**Task item**
Among the lines below, keep only those from the one containing "vegetable salad on white ceramic bowl" through the one containing "Cropped hand igniting", and reproduce them exactly.

[[ Given records open ]]

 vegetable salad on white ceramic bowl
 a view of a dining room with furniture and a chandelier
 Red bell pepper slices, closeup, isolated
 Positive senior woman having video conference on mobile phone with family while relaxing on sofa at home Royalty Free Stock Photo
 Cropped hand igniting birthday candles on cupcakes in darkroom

[[ Given records closed ]]
[[ Given records open ]]

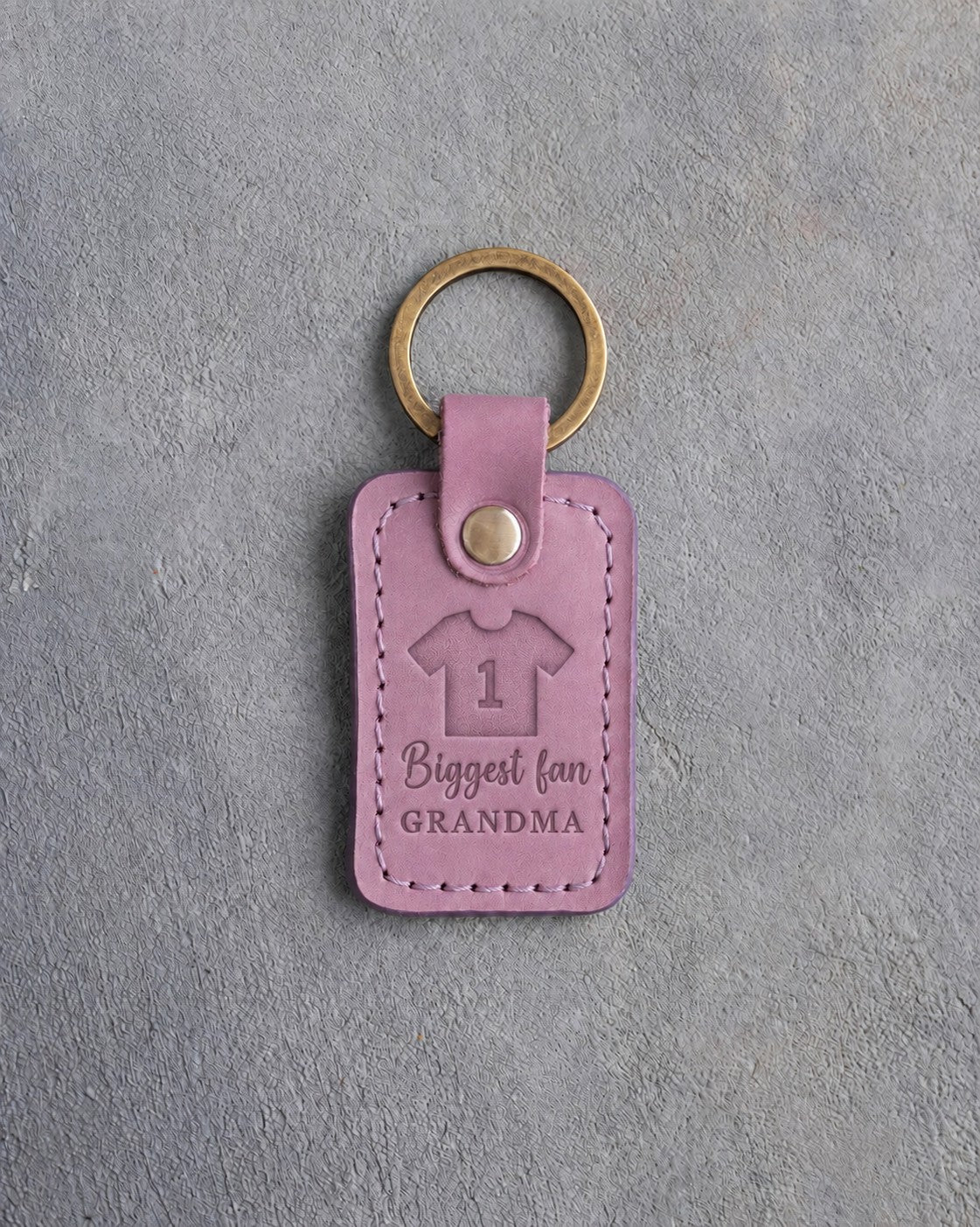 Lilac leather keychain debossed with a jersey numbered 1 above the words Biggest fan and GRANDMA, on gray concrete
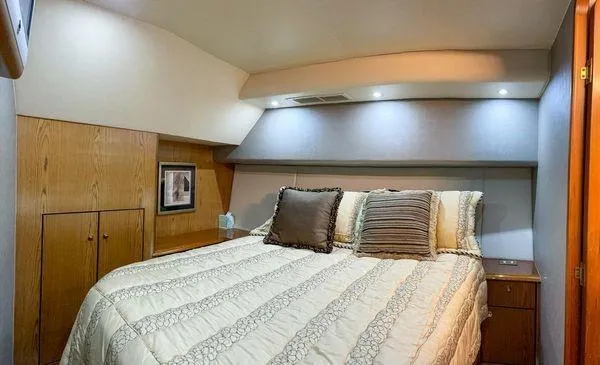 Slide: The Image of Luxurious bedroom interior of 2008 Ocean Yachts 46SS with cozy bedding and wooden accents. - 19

[[ Given records closed ]]

**Answer for this exercise**
 vegetable salad on white ceramic bowl
 a view of a dining room with furniture and a chandelier
 Red bell pepper slices, closeup, isolated
 Positive senior woman having video conference on mobile phone with family while relaxing on sofa at home Royalty Free Stock Photo
 Cropped hand igniting birthday candles on cupcakes in darkroom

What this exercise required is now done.